Ce magistrat a rendu compte des plaidoiries dans le délibéré de la cour, composée de :
Madame Nathalie COURTOIS, Président,
Madame Véronique PITE, Conseiller,
Madame Odile CRIQ, Conseiller,
Greffier lors des débats : Madame Isabelle FIORE,
Greffier lors du prononcé : Madame Angeline SZEWCZIKOWSKI
FAITS ET PROCÉDURE
M. [H] [V] a été engagé en qualité de Practice Partner, statut cadre, par la société Dxc Technology France, selon contrat à durée indéterminée à compter du 17 juillet 2017.
La société Dxc Technology France a une activité de conseil, d'intégration de systèmes d'information et d'externalisation, emploie plus de dix salariés et relève de la convention collective des bureaux d'études techniques, cabinets d'ingénieurs conseils et des sociétés de conseils, dite Syntec.
Le 22 novembre 2017, la société a décidé de rompre la période d'essai de M. [V].

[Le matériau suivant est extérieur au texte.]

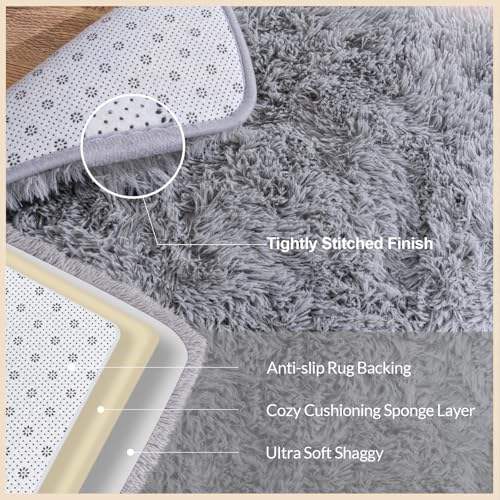 6x9 Rugs for Living Room, Large Fluffy Area Rugs for Bedroom, Soft Carpet Shag Kids Room Rug, Non-Slip Fuzzy Rugs Indoor (Light Grey, 6ft x 9ft)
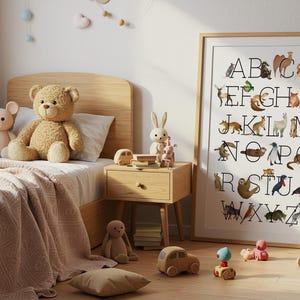 Póster del alfabeto de animales para niños: arte mural con animales de la A a la Z, lámina educativa para guardería, decoración para aulas preescolares, póster para niños pequeños.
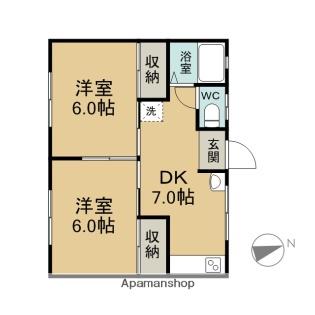 ソワール尾崎(2DK/1階)の間取り写真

M. [V] a saisi initialement le conseil de prud'hommes de Nanterre qui a renvoyé l'affaire le 11 février 2021, devant le conseil de prud'hommes de Poissy. M. [V] a sollicité la requalification de la rupture de sa période d'essai en un licenciement sans cause réelle et sérieuse, ainsi que la condamnation de la société au paiement de diverses sommes de nature salariale et indemnitaire, ce à quoi la société s'est opposée.
Par jugement rendu le 15 mars 2022, notifié le 18 mars 2022, le conseil a statué comme suit :
Dit que la rupture de période d'essai du contrat de M. [V] est régulière.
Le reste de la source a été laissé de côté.